WORK TO COMPLETE → Below are some records. Return exactly their lines from the one containing "Set da giardino" through the one containing "A Landscape In", and drop the pictures.

RECORDS SUPPLIED →
______________________________
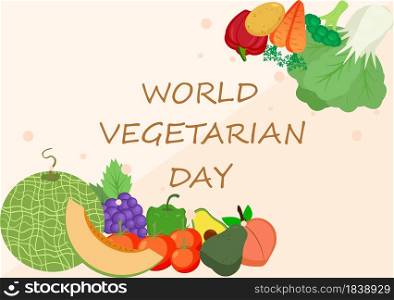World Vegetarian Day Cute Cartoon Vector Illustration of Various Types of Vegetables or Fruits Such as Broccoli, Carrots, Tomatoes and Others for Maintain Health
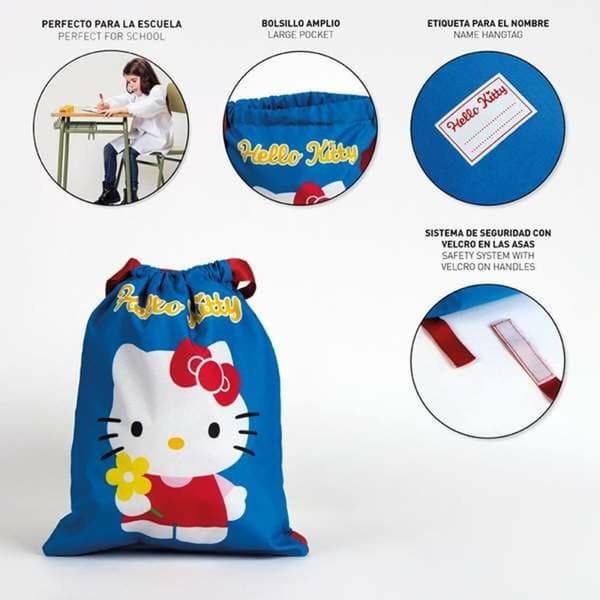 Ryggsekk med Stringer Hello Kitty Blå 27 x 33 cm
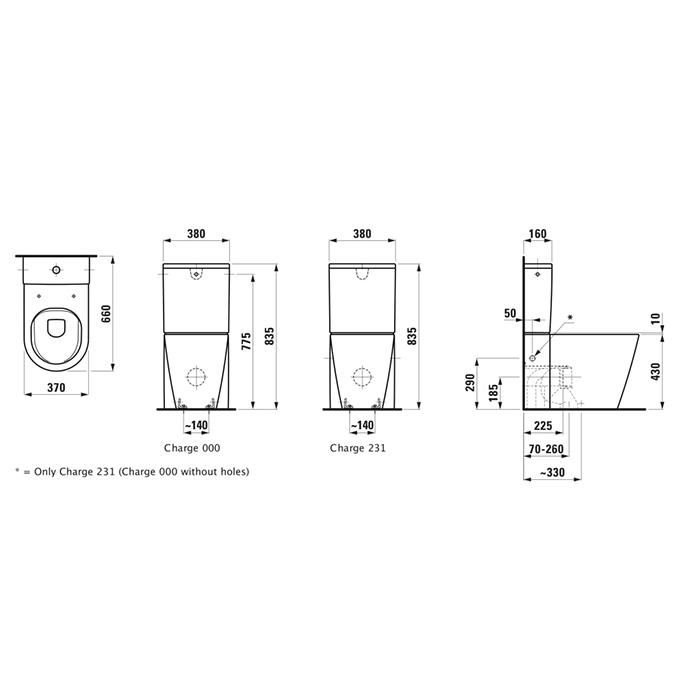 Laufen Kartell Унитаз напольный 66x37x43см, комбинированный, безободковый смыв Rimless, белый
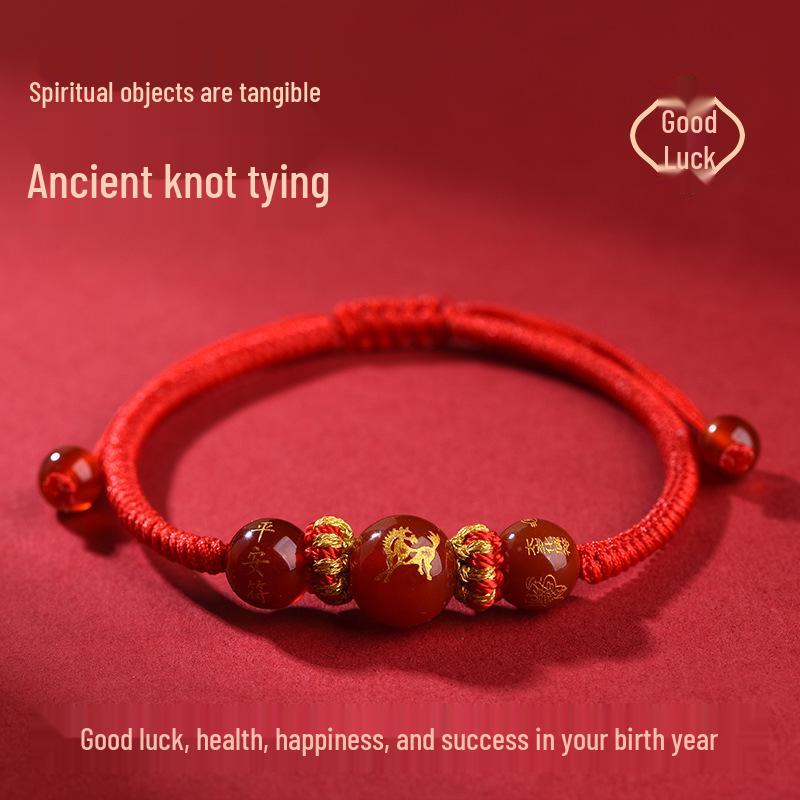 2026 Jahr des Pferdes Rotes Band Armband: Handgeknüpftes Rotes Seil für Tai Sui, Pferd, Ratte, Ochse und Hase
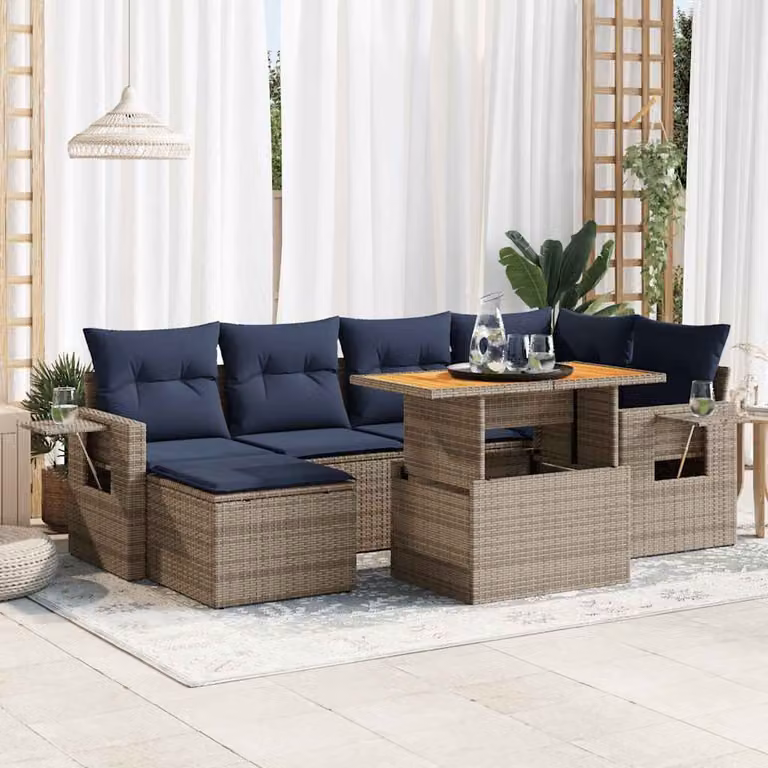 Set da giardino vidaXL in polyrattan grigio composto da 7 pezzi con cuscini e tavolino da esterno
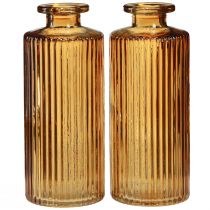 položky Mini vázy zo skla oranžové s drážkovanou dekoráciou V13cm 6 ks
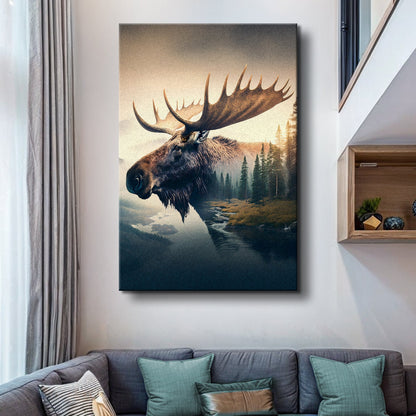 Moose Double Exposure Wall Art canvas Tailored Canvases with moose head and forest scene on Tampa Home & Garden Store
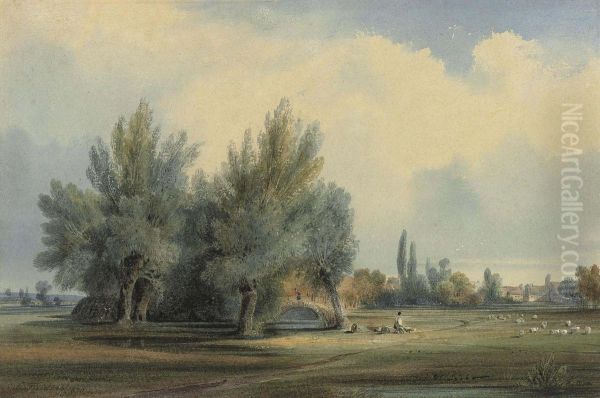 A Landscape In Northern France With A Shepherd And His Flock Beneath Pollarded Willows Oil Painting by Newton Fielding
______________________________
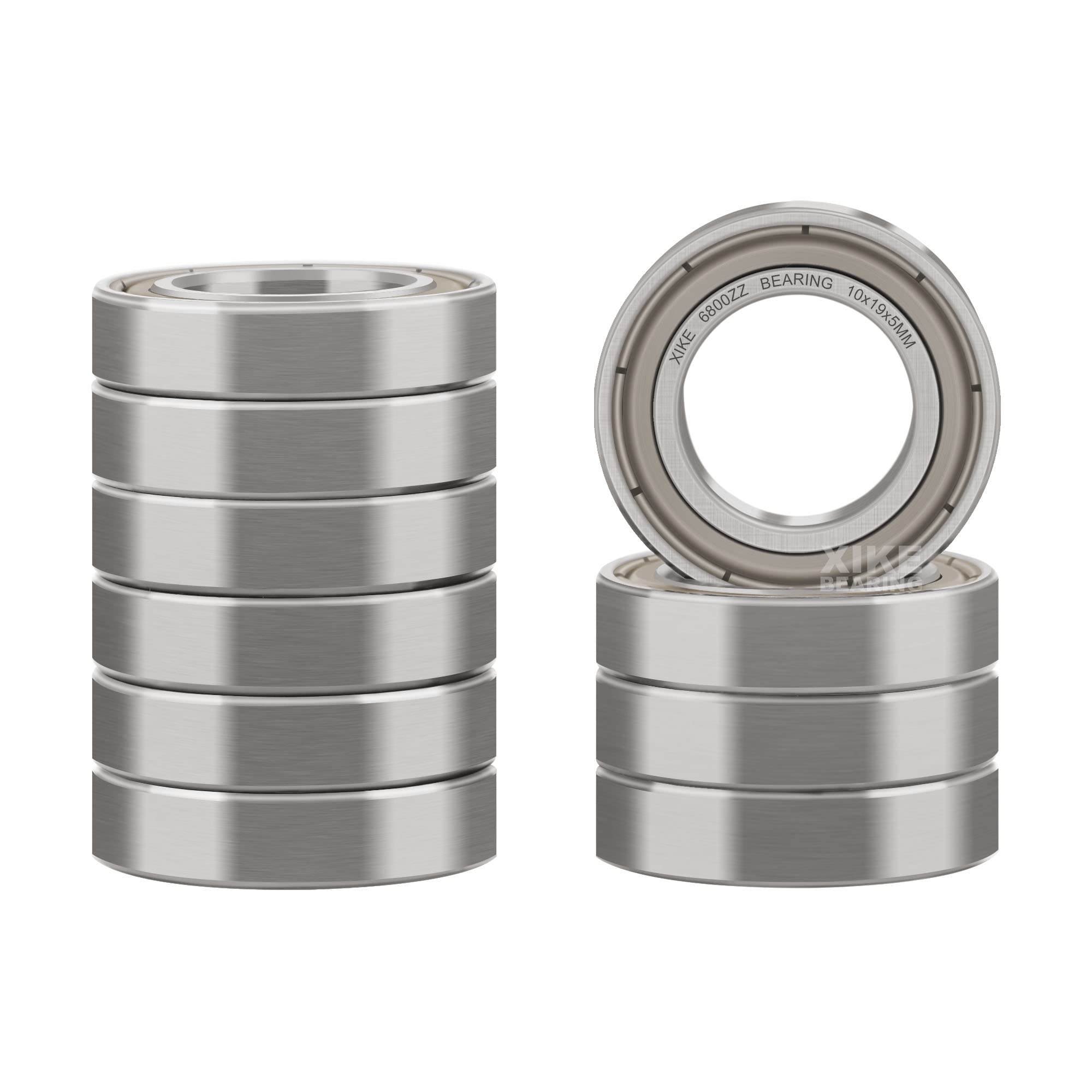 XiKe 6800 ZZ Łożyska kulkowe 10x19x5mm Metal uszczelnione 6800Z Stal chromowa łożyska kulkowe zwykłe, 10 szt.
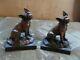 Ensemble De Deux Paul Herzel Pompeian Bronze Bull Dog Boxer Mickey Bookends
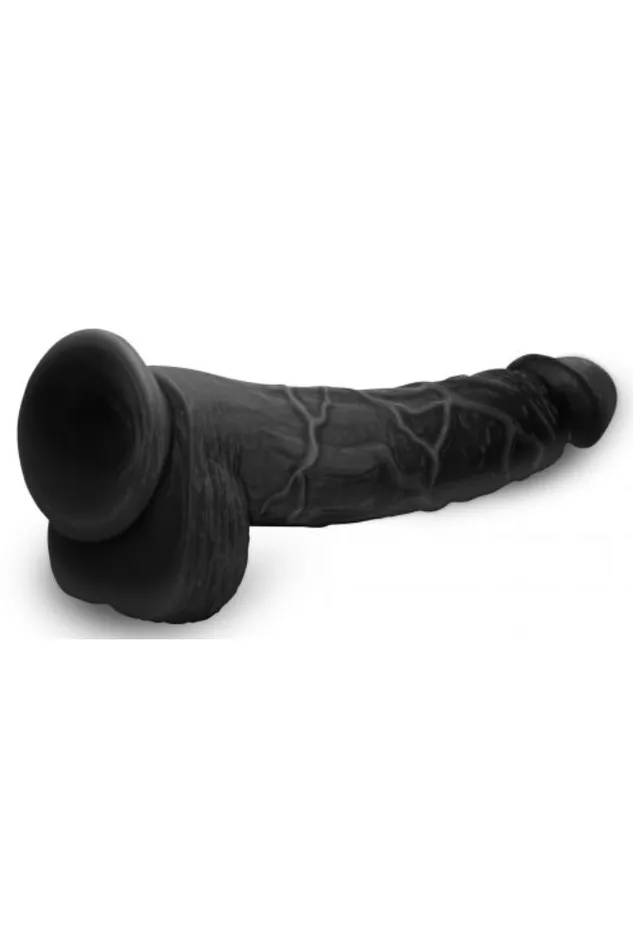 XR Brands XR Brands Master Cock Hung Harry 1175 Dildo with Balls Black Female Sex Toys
______________________________
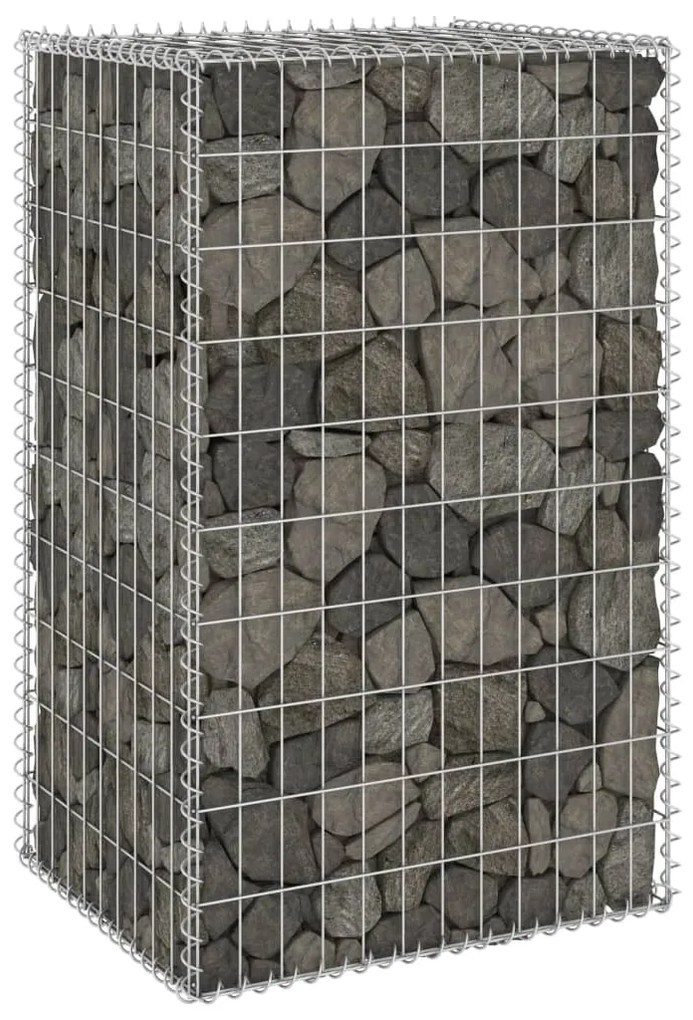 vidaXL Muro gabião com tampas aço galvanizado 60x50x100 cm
______________________________
SOLUTION TO THIS TASK →
 Set da giardino vidaXL in polyrattan grigio composto da 7 pezzi con cuscini e tavolino da esterno
 položky Mini vázy zo skla oranžové s drážkovanou dekoráciou V13cm 6 ks
 Moose Double Exposure Wall Art canvas Tailored Canvases with moose head and forest scene on Tampa Home & Garden Store
 A Landscape In Northern France With A Shepherd And His Flock Beneath Pollarded Willows Oil Painting by Newton Fielding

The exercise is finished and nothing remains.